HOW TO COMPLETE THIS TASK ::
Only one stretch of the data should be retyped: the lines from the line containing "Gym Training Top" through the line containing "ETRO printed scarf - White". Keep pictures out of it.

WORKING DATA ::
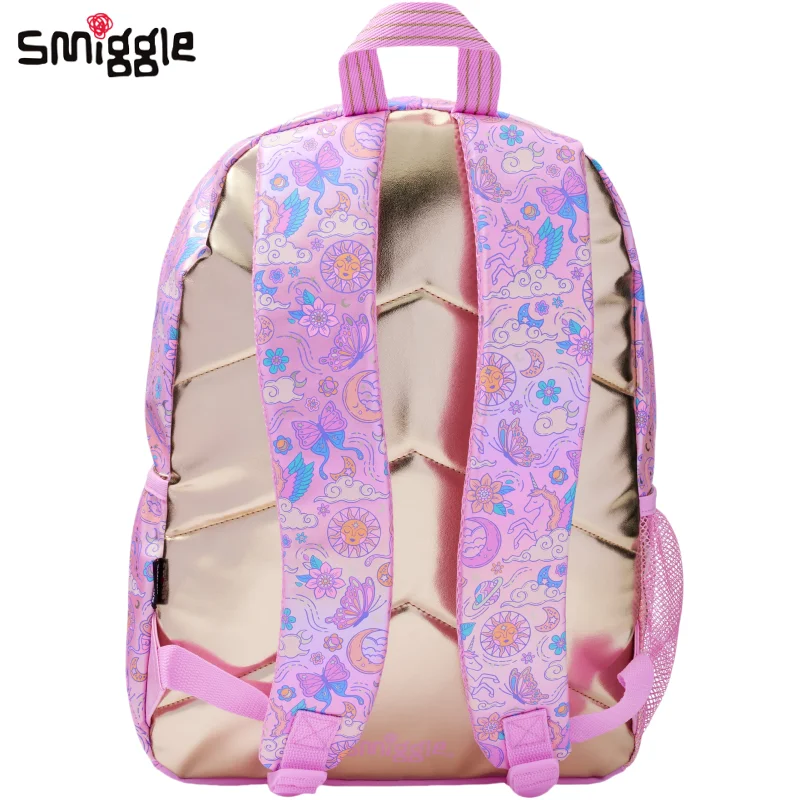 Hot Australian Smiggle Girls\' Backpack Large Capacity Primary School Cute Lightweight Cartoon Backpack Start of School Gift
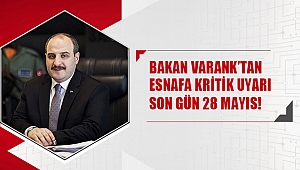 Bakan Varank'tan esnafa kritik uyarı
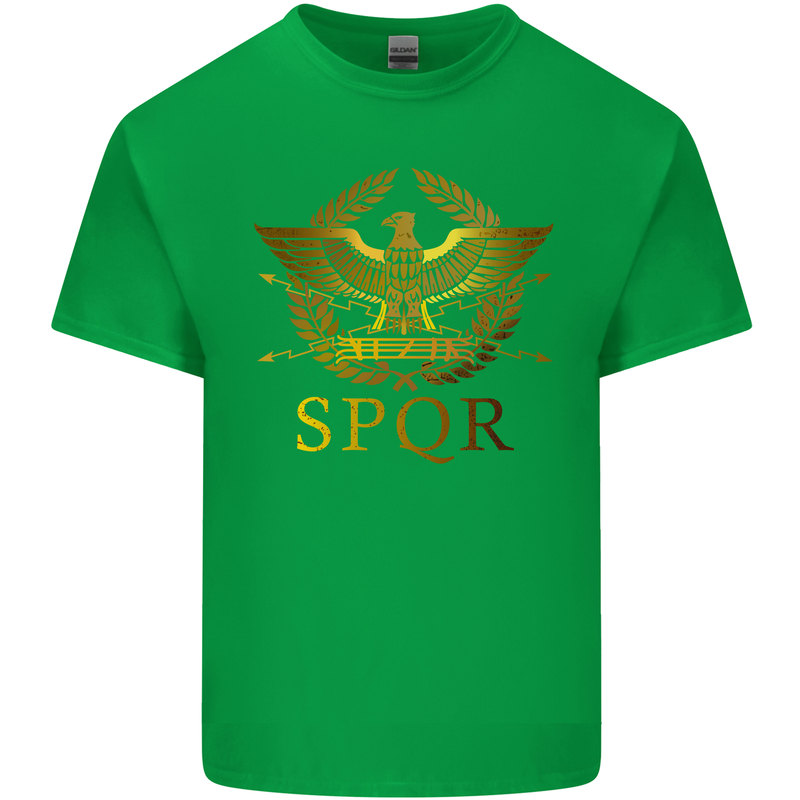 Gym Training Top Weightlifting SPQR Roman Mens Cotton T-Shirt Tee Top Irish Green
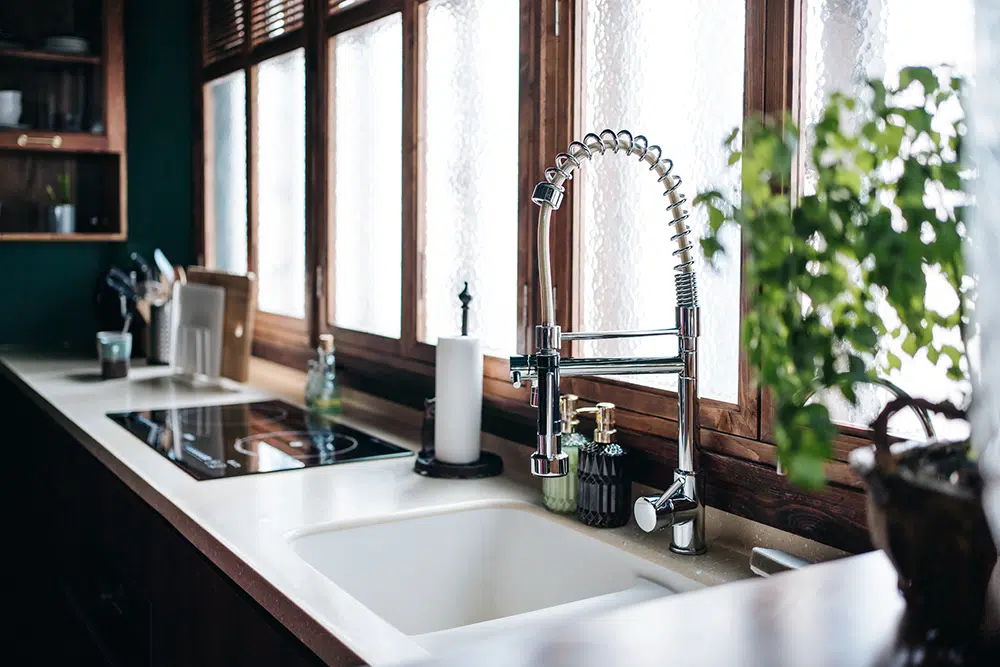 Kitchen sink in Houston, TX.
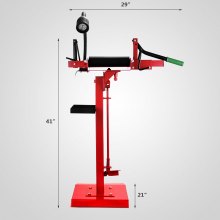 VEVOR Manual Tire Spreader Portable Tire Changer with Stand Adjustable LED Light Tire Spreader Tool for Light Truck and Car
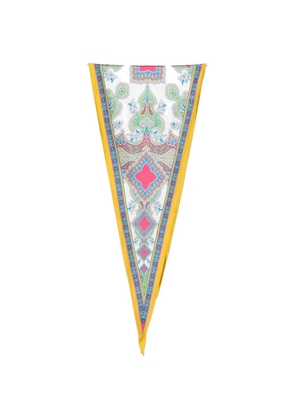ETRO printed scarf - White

...

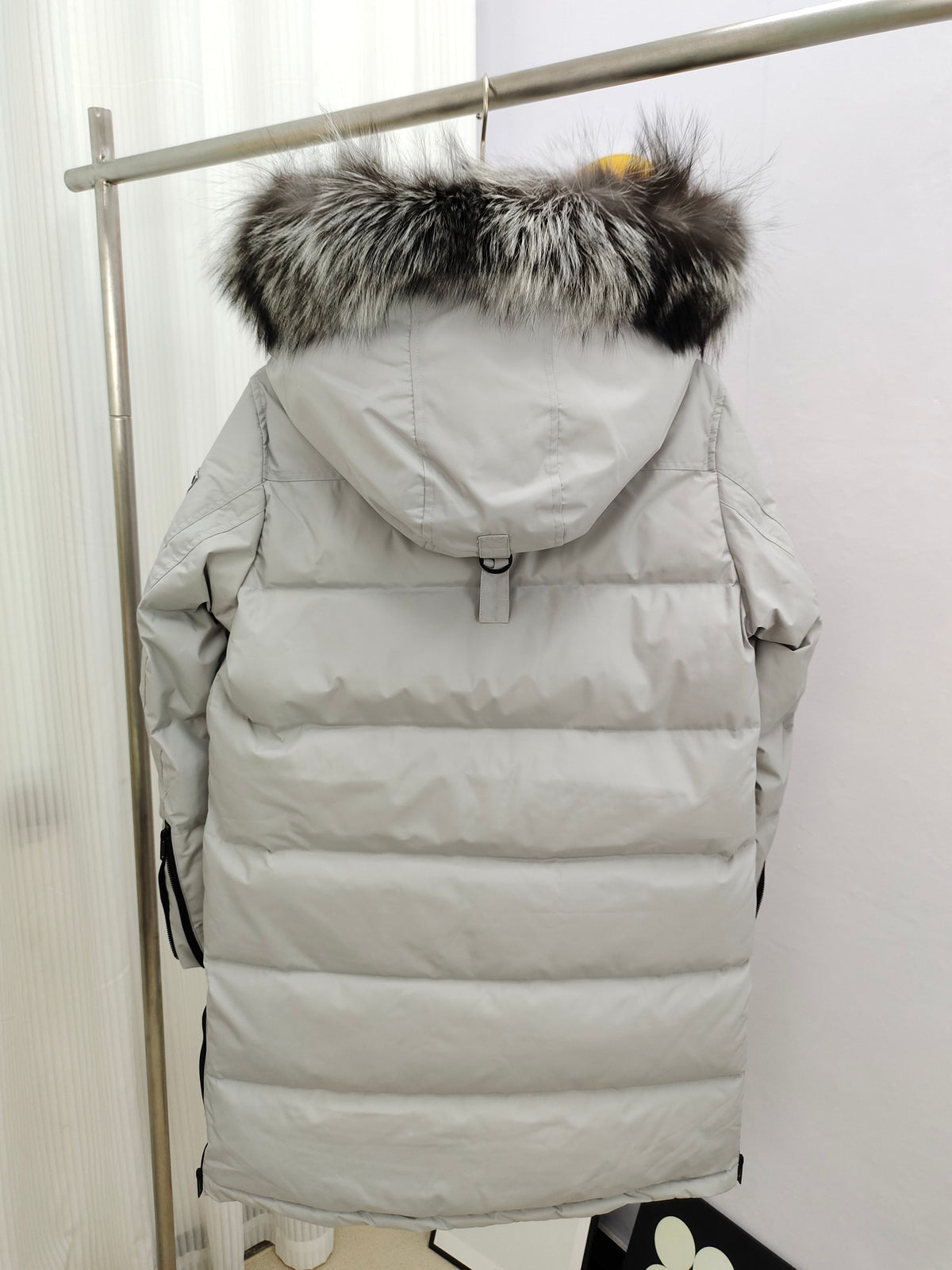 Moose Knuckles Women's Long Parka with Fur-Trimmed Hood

EXERCISE OUTPUT ::
 Gym Training Top Weightlifting SPQR Roman Mens Cotton T-Shirt Tee Top Irish Green
 Kitchen sink in Houston, TX.
 VEVOR Manual Tire Spreader Portable Tire Changer with Stand Adjustable LED Light Tire Spreader Tool for Light Truck and Car
ETRO printed scarf - White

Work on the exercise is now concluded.